SIR – Fr Jerome Bertram’s article on priestly celibacy (Feature, August 19) repeats a number of details and suppositions regarding the continence of married priests in the first millennium. That this was the system for a time is true, but we do not know that this was so from the beginning and it was not the case that this was universally accepted in the Church. The Eastern Churches did not follow the Western position on this, which became the norm.
It is far from clear that the earliest Church practised this. The oft-repeated verses, such as “we have left our homes”, do not necessitate that marriages were continent at all. It is an idea read into it. The mention of “self-control” in Titus 1:8 raises the question, too. The Greek word enkratia can mean various aspects of self-control. There were 28 possible definitions in Aristotle and several in New Testament Greek. It is most likely to have meant “calm, temperate and balanced”. It need not mention anything about sexual continence.
What scant material we do have of the earliest Church suggests that wives accompanied the Apostles without any issue, with no suggestion that continence was the norm, and material from the early 2nd century suggests that any seeking celibacy or continence should seek the counsel and permission of the bishop. There is no suggestion that this is just about holy orders.
Yours faithfully,
Fr Kevin O’Donnell
Rottingdean, East Sussex
SIR – What the Ordinariate needs is time, and a connection with Britain’s past (Cover story, August 26). There is much to say and learn of the Church and its role in British history. One of those connections is Thomas Becket. The article also said that there were those that wanted a connection to Canterbury. What better example is there than a bishop that puts faith before politics, such as the saint and martyr John Fisher?
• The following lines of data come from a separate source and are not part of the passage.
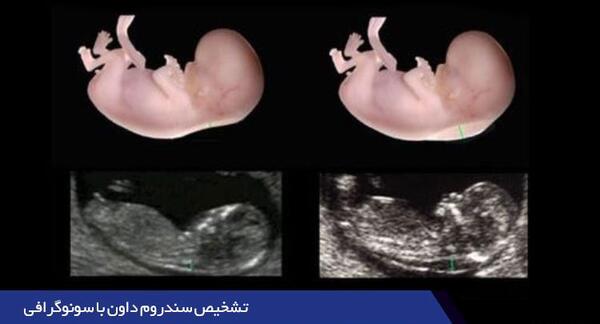 سقط عکس جنین مبتلا به سندروم داون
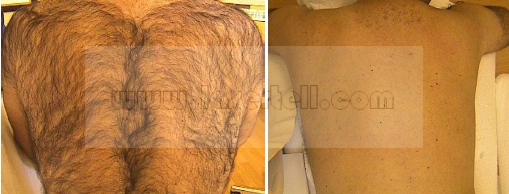 De Machine van de het Haarverwijdering van de diodelaser, het Huisgebruik 808nm van Laserepilator voor Vrouwenlichaam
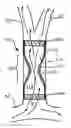 Fig. 01 - IMPLANTABLE DAMPING DEVICES FOR TREATING DEMENTIA AND ASSOCIATED SYSTEMS AND METHODS OF USE
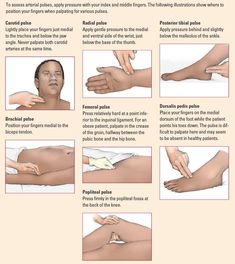 Pulse Points Nursing, Pulses Images, Nursing Information, Nursing Assessment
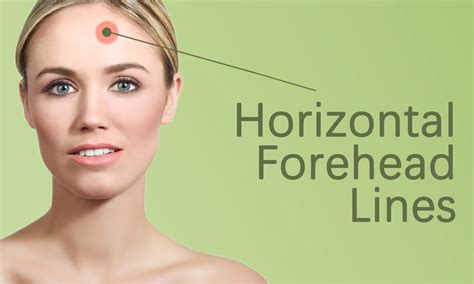 Horizontal Forehead Lines Treatment in Surat - Elegance Clinic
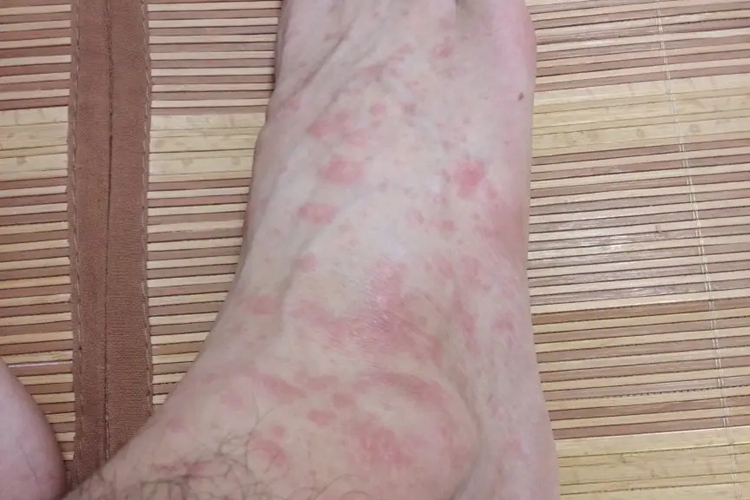皮肤过敏红肿脚部疙瘩图 皮肤过敏红肿脚部疙瘩图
Given the state that Britain is presently in, falling back upon its history, its icons and sense of national identity would also add to the Ordinariate.
I do not think that the Personal Ordinariate will disappear, but, with effort, a connection to Britain’s past and communicating its positive future it will succeed.
Yours faithfully,
JP Moskal
West Chicago, Illinois
SIR – Amy-Jo Crowley’s timely article (Feature, August 19) argues the case for the Church to take a lead in supporting credit unions and ways of providing advice on debt and money, to protect financially vulnerable and excluded people from exploitation while encouraging personal financial prudence. She suggests a possible lack of active engagement by the Church to date.
Following Archbishop Justin Welby’s campaign against payday loans (“War on Wonga”), work by the Church of England in this area seems to be quite well advanced and wide-ranging. The Just Finance Foundation now sponsors various initiatives, and makes available guidance and learning materials, to help churches that want to get involved in advising on debt and widening people’s access to credit unions.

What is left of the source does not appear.